Droga dalla Calabria al nord Italia, la guardia di finanza esegue 13 arresti

Sotto la lente d’ingrandimento delle fiamme gialle alcune famiglie di Platì che avevano trasferito i propri interessi nel pavese, importante anche il ruolo delle donne nell’organizzazione

Oltre 100 finanzieri sono stati impegnati nel blitz tra le province di Milano, Pavia, Reggio Calabria e Torino scattato alle prime luci dell'alba. I militari del comando provinciale della guardia di finanza di Pavia, con la collaborazione del Servizio centrale investigazione criminalità organizzata di Roma insieme ai reparti della Lombardia, Piemonte e Calabria, stanno eseguendo, tra l'altro, 13 ordinanze di custodia cautelare emesse dal Gip del tribunale di Milano nei confronti di altrettanti soggetti alcuni dei quali sarebbero vicini a storiche famiglie 'ndranghetiste originarie di Platì e radicatesi nel Nord Italia tra le province di Pavia, Milano e Monza Brianza nonché nel torinese. Le ipotesi investigative contestate vanno, a vario titolo, dall'associazione a delinquere finalizzata al traffico di sostanze stupefacenti alla detenzione e porto di armi da sparo fino a episodi di estorsione perpetrati in Lombardia con l'aggravante del metodo mafioso.
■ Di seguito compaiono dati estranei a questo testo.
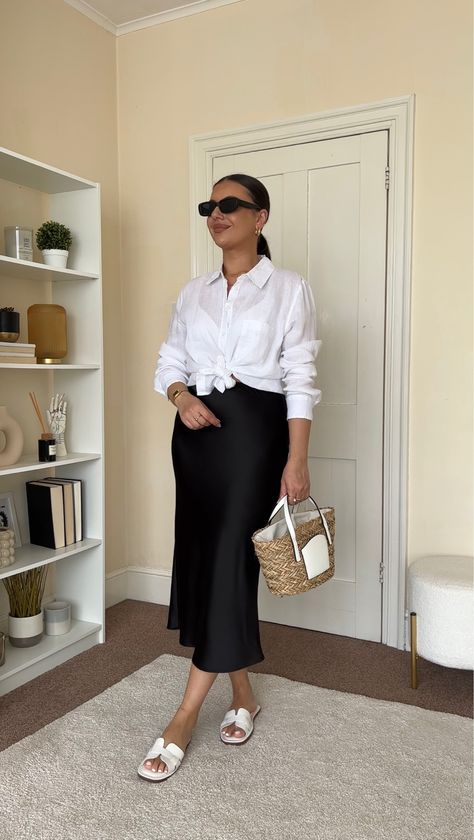 Linen Shirt Over Dress Outfit, Satin Skirt Button Down Shirt, Satin Dress As Skirt, Shirts With Skirts Outfit, Satin Skirt And Shirt Outfit, Long Dress With Shirt Over Outfit, White Shirt And Dress Outfit, Black Shirt Summer Outfit, Black Shirt Dress Outfit Classy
Le fiamme gialle pavesi, con il supporto dei reparti territoriali, di decine di unità anti terrorismo pronto impiego, di unità cinofile e mezzi aerei del corpo, sono stati impegnati nella ricerca e cattura dei destinatari della misura interessando anche la roccaforte di Platì dove i principali responsabili del sodalizio si erano spostati, facendo poi la spola con la Lombardia.
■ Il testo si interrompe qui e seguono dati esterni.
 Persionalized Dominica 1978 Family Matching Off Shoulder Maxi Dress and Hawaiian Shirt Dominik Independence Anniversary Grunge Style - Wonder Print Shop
Le immagini del blitz: il video

L'attività investigativa, iniziata nella primavera del 2019 e conclusasi oggi con l'esecuzione delle ordinanze di custodia cautelare, è stata caratterizzata dal costante monitoraggio dei soggetti originari del reggino e da tempo stanziati nei territori compresi tra le province di Pavia e Milano, dove avrebbero operato seguendo condotte tipicamente mafiose. Le attività investigative hanno registrato ripetute attività estorsive nei confronti di soggetti che ritardavano a pagare lo stupefacente, ricorrendo alla forza intimidatrice, sovente manifestata con la prospettazione nei confronti delle loro vittime di gravi conseguenze ove non avessero saldato i propri debiti nei tempi richiesti dai sodali.

Il sodalizio indagato avrebbe trattato considerevoli quantitativi di cocaina e marijuana, immessi nella rete di distribuzione, vendita e consumo anche con l'intento di rifornire gruppi criminali a loro collegati della Lombardia, del Piemonte, della Liguria e in Toscana. Non sarebbero risultate estranee a queste ultime dinamiche criminali alcune figure femminili, congiunte dei principali indagati, che pur svolgendo una funzione servente o secondaria, hanno comunque dato un contributo reale ed effettivo per la commissione dei reati.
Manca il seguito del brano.